◆ What to work on
Exact reproduction of the data is required, with images excluded.

◆ Excerpted data
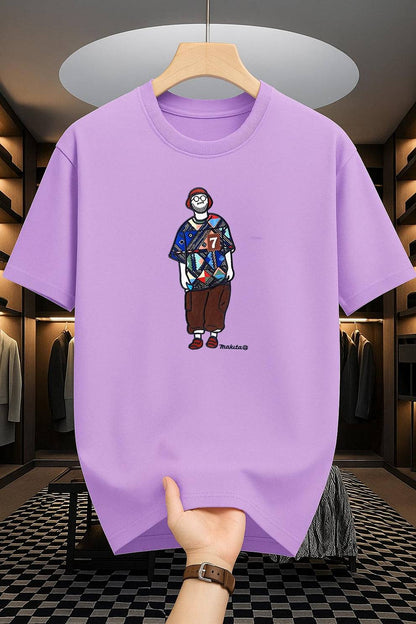 Drop Shoulder Print T-Shirt - Makuta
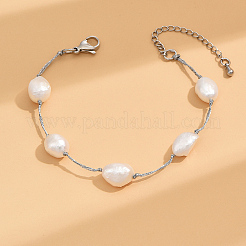 女性用プラスチック模造真珠ビーズブレスレット  ナゲット  ホワイト  内径：6-3/4インチ（17cm）&nbsp;PQ4563
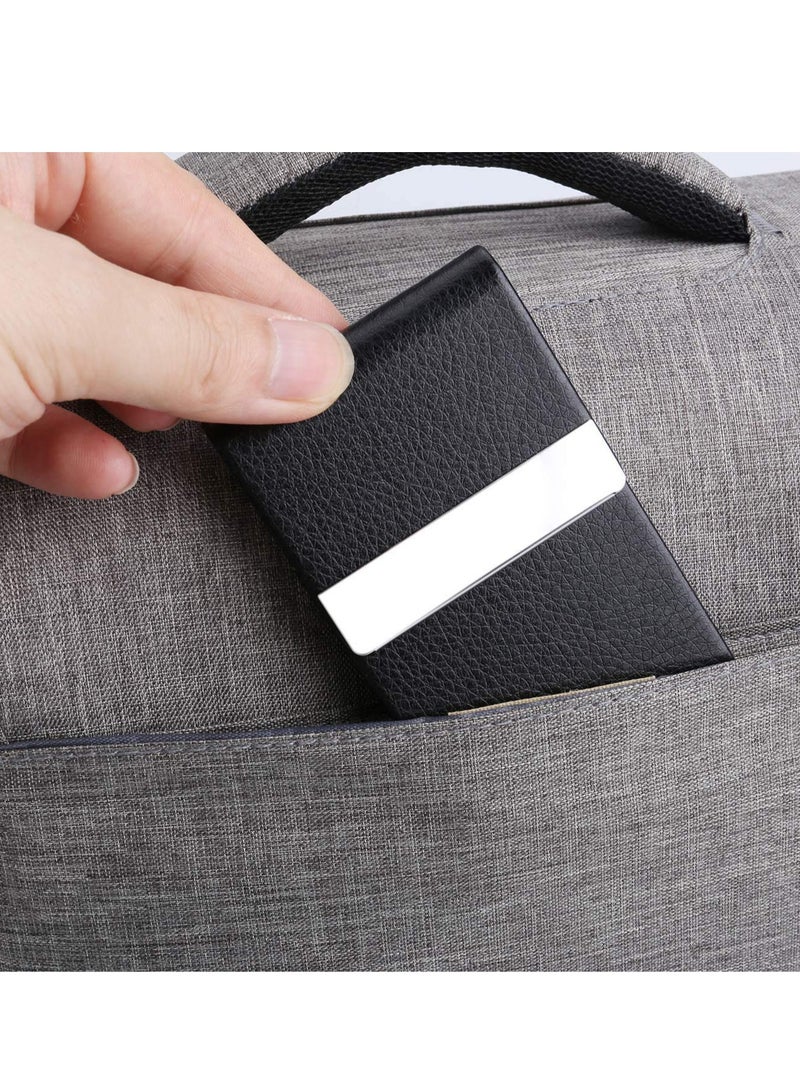 Bukela Business Card Holder Case, Black Fashion Professional PU Leather Business Card Carrier, Luxury Metal Name Card Holder with Magnetic Shut, Wallet Credit Card ID Case for Men & Women Best Gift  - Image 5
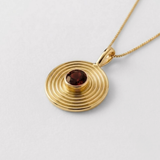 Gold Garnet Spiral Necklace, Red Coin Amulet Pendant, January Birthstone Gift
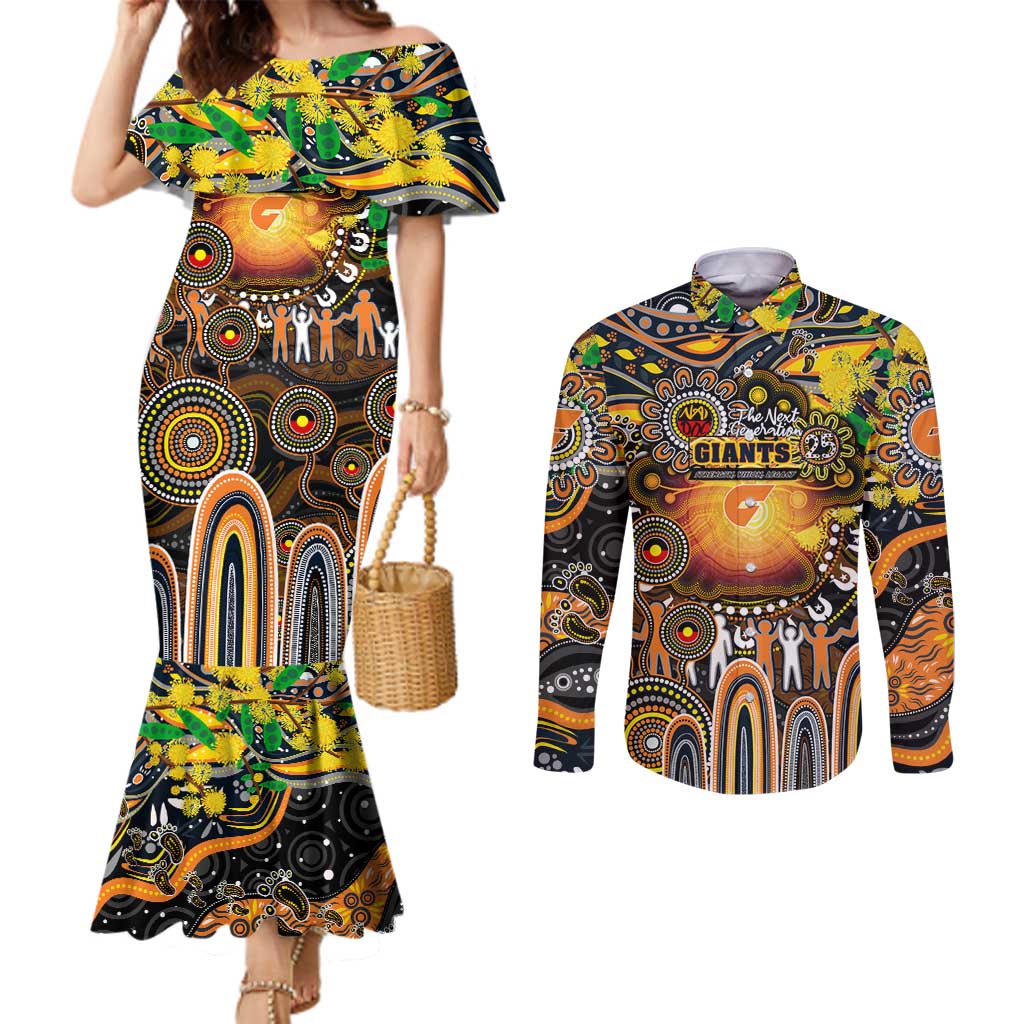 Personalised NAIDOC Week 2025 Giants Football Couples Matching Mermaid Dress and Long Sleeve Button Shirt Aboriginal Dot Painting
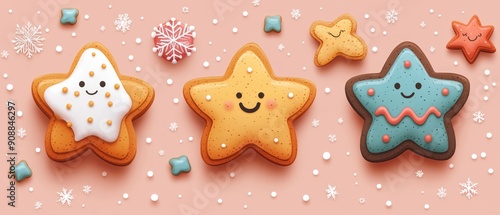 Delightful star-shaped cookies, decorated with icing and smiles, perfect for festive celebrations and sweet treats.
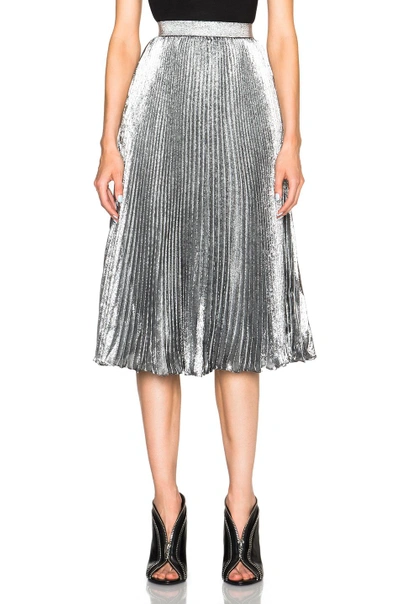Shop Christopher Kane Lame Pleated Skirt In Silver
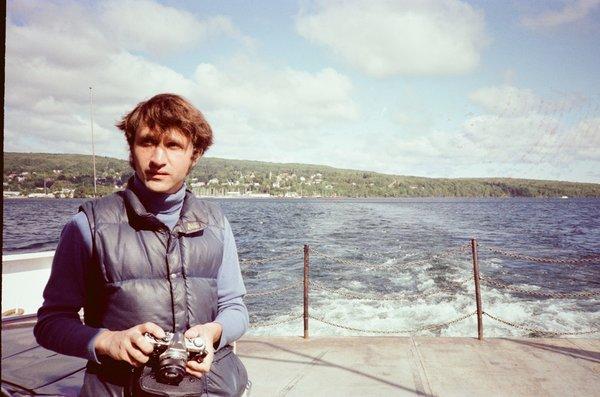 Me on ferry going to Madeline Island.  Bayfield is in distance.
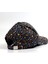 Yazlık Çiçek Esinti Desenli Siyah Pamuklu Poplin Kumaş Ayarlanabilir Standart Beden Suya Dayanıklı Şapka 2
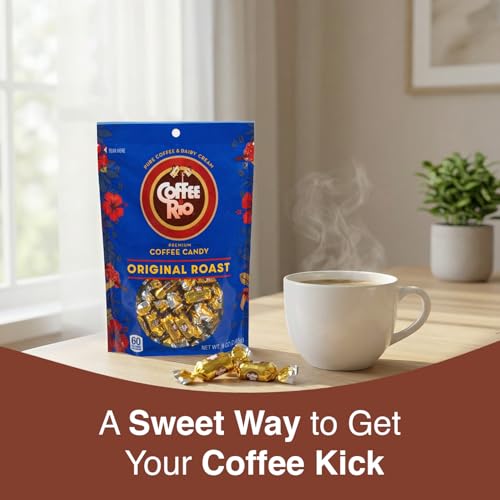Coffee Rio Original Roast Coffee Caramels Candy, Pack of 3 Stand-Up Bags (9 oz Each) - Individually Wrapped Hard Candies w/Fresh Dairy Cream - Perfect for Office Candy Bowls & More - Kosher Certified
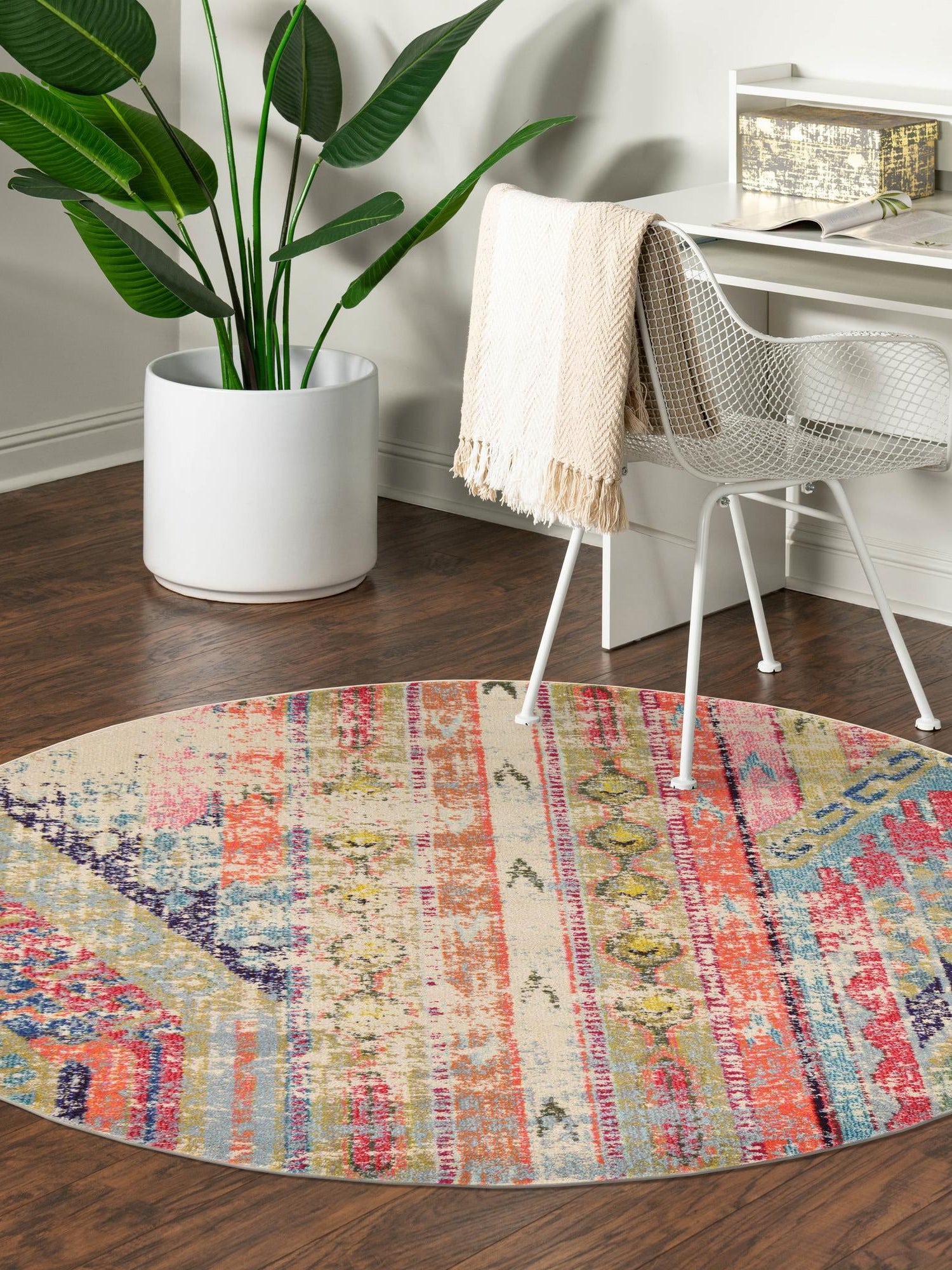 Multicolor 8' x 8' Sedona Round Area Rug Durable Long Lasting Carpet for Living Rooms, Kitchen, Bedrooms, Office Space, Dorms for Sale at Rug Engine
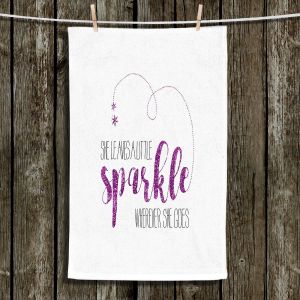 Unique Hanging Tea Towels | Zara Martina - She Sparkles White Pink | She Sparkles Sayings Femenine Whimsical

◆ Solution below
 Drop Shoulder Print T-Shirt - Makuta
 女性用プラスチック模造真珠ビーズブレスレット  ナゲット  ホワイト  内径：6-3/4インチ（17cm）&nbsp;PQ4563
 Bukela Business Card Holder Case, Black Fashion Professional PU Leather Business Card Carrier, Luxury Metal Name Card Holder with Magnetic Shut, Wallet Credit Card ID Case for Men & Women Best Gift  - Image 5
 Gold Garnet Spiral Necklace, Red Coin Amulet Pendant, January Birthstone Gift
 Personalised NAIDOC Week 2025 Giants Football Couples Matching Mermaid Dress and Long Sleeve Button Shirt Aboriginal Dot Painting
 Delightful star-shaped cookies, decorated with icing and smiles, perfect for festive celebrations and sweet treats.
Shop Christopher Kane Lame Pleated Skirt In Silver
 Me on ferry going to Madeline Island.  Bayfield is in distance.
 Yazlık Çiçek Esinti Desenli Siyah Pamuklu Poplin Kumaş Ayarlanabilir Standart Beden Suya Dayanıklı Şapka 2
Coffee Rio Original Roast Coffee Caramels Candy, Pack of 3 Stand-Up Bags (9 oz Each) - Individually Wrapped Hard Candies w/Fresh Dairy Cream - Perfect for Office Candy Bowls & More - Kosher Certified
 Multicolor 8' x 8' Sedona Round Area Rug Durable Long Lasting Carpet for Living Rooms, Kitchen, Bedrooms, Office Space, Dorms for Sale at Rug Engine
 Unique Hanging Tea Towels | Zara Martina - She Sparkles White Pink | She Sparkles Sayings Femenine Whimsical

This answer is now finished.